This exercise should help you simplify your seeing into drawing. I found this pasted into a sketchbook of mine and wanted to share it with you.
The aim is to try to encourage you to think in tonal areas. My natural habit is to draw in a linear way; I think most of us do – we use line to follow form and contours, making outlines. Even if I’m drawing tonal areas I often use line to make the delineation.
Here’s the page in my sketchbook:
I used an image from a newspaper and I would recommend you try this first. Using an image that is already two dimensional will be easier to start off with. The image is already contained and you will find it simpler than trying to interpret from a real scene. You will need paper, or a sketchbook, and a soft pencil I used a 3B.
Look at the image carefully: you are looking to divide what you see into 4 tonal areas: a very dark (almost black), white, and 2 mid tone greys. Look for at least 30 seconds.

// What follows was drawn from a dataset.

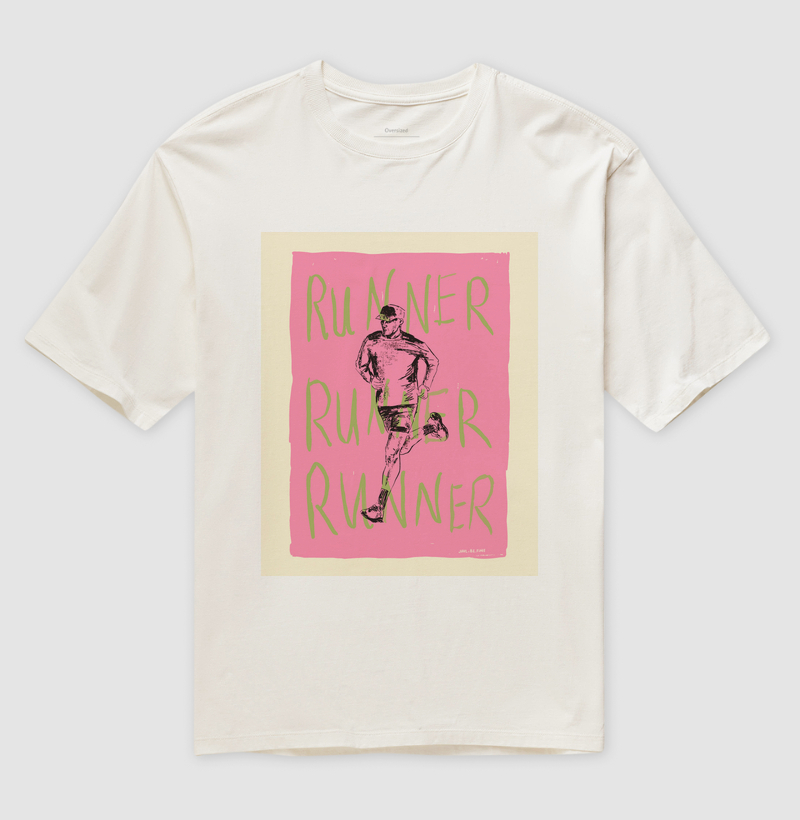 Runner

Not just a passing glance but try to capture and hold the image in your mind.
Once you think you have the image in your mind, look to your page and draw as much as you can you can in just 30 seconds maximum. You can see my first image was linear in form. This is fine – it helps you adjust to the overall composition.
Next make 4 small boxes and create your 4 tones with pencil as you can see in the bottom left.
Now you have made the 4 tonal areas look back towards the image with these in mind and decide which areas are which. Where are the real darkest areas? Which parts are going to be the highlights you leave white? How will you make the distinction between the mid tones? If you find it hard to decide then screwing up your eyes and squinting can help simplify what you are looking at.
Then look back to your page and from memory try to draw the image again, just using tones. You will see from my note that this took me one minute to draw. Spend up to 2 minutes but aim to work quickly – remember you are not looking for detail but a way to capture the overall tonal pattern of the image.
Improving your visual memory is a key skill in drawing; spend at least as long looking as drawing!
Have a go with a newspaper image first. Then try from real life. Good luck!